For instance, PSC companies that currently pay PPT at a rate of 50% of chargeable profits, will be liable to NHT and CIT at a combined rate of about 55% (i.e., 30% CIT plus 25% NHT). This is aside from the fact that the companies will give up the relatively more favourable ITC/ITA that currently applies, for PA and GPA. Similarly, JV companies that are yet to fully amortise their capitalised pre-production expenses are currently liable to PPT at a reduced rate of 65.75%; whereas they will be liable to NHT and CIT at a total rate of about 80% under the new regime.

For JV companies that currently pay PPT at 85%, it would appear on the surface that they will pay lower corporate tax at a total rate of 80% under the PIB. However, considering that the companies will no longer enjoy PIA, will not be entitled to PAs and GPAs except for gas operations, and may have a significant proportion of their offshore expenses disallowed, the companies may well have a higher effective tax under the PIB.
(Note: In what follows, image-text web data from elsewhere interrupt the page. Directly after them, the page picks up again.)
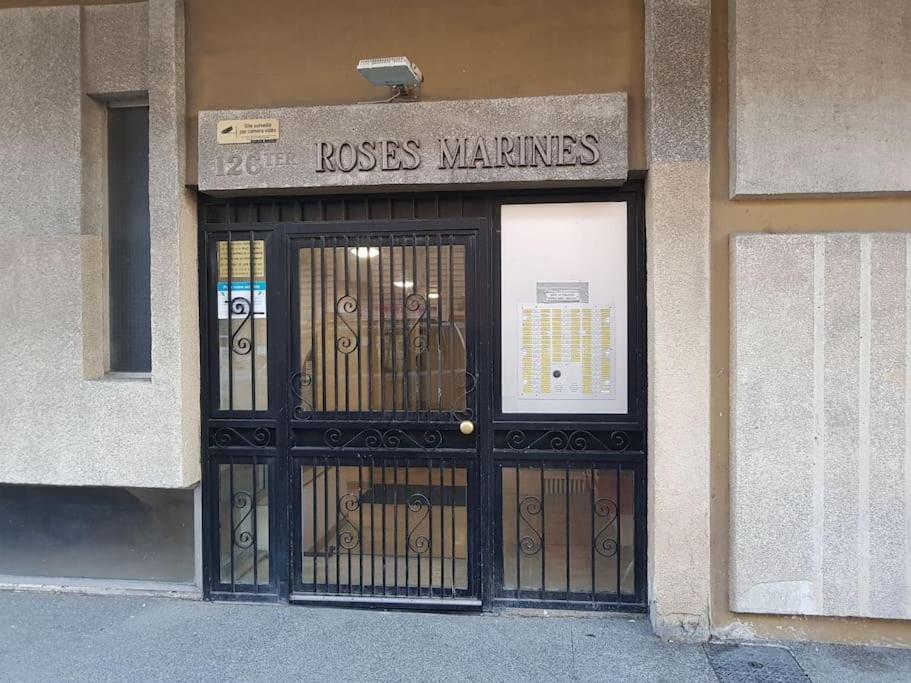 Stylish Studio In Only 50 Meters From Beach ! Nice Exterior foto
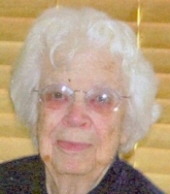 Louise P. Stewart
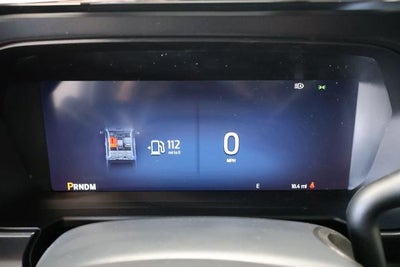 2027 Ford Super Duty F-450 DRW XLT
Another objective of the PIB is to optimise domestic gas supplies. It is however unclear how the PIB, in its current form, will achieve this objective, especially considering that the fiscal incentives for upstream gas development/utilisation under the PIB are less attractive than what currently obtains under the PPT regime.

Conclusion

It is conceded that the version of the PIB that will be eventually passed into law may be different from the current version submitted to the National Assembly. Still, companies engaged in upstream petroleum operations and other stakeholders in the Nigerian oil and gas industry, will be well-advised to critically review (and simulate) the impact the PIB will have on their operations if enacted in its current form. This is necessary to ensure that crucial issues are raised and addressed before the Bill is passed by the National Assembly and signed into law by the President.

Footnotes

1 PPT Act, Cap P13, Laws of the Federation of Nigeria (LFN), 2004.

2 Section 305(1) provides that allowable expenses are those that are "wholly, exclusively, necessarily and reasonably incurred..."

3 Although this is the provision of the PPT Act, in practice, the CA claimed by companies is typically restricted to 85% of assessable profits (without considering 170% of PIA).

4 CIT Act, Cap C21, LFN, 2004 (as amended by the CIT (Amendment) Act, 2007)

5 Section 277(2) of the PIB.

6 Section118(2) defines Net Profit as" adjusted profit less royalty, allowable deductions and allowances, less Nigerian Hydrocarbon Tax, less Companies Income Tax.

7 Fiscal rent is the aggregate of royalty, Nigerian Hydrocarbon Tax and Companies Income Tax obligations arising from upstream petroleum operations.

8 For additional comments on this, please refer to KPMG's newsletter on Changes to the Self-Assessment Regime on www.kpmg.com/ng.

The content of this article is intended to provide a general guide to the subject matter. Specialist advice should be sought about your specific circumstances.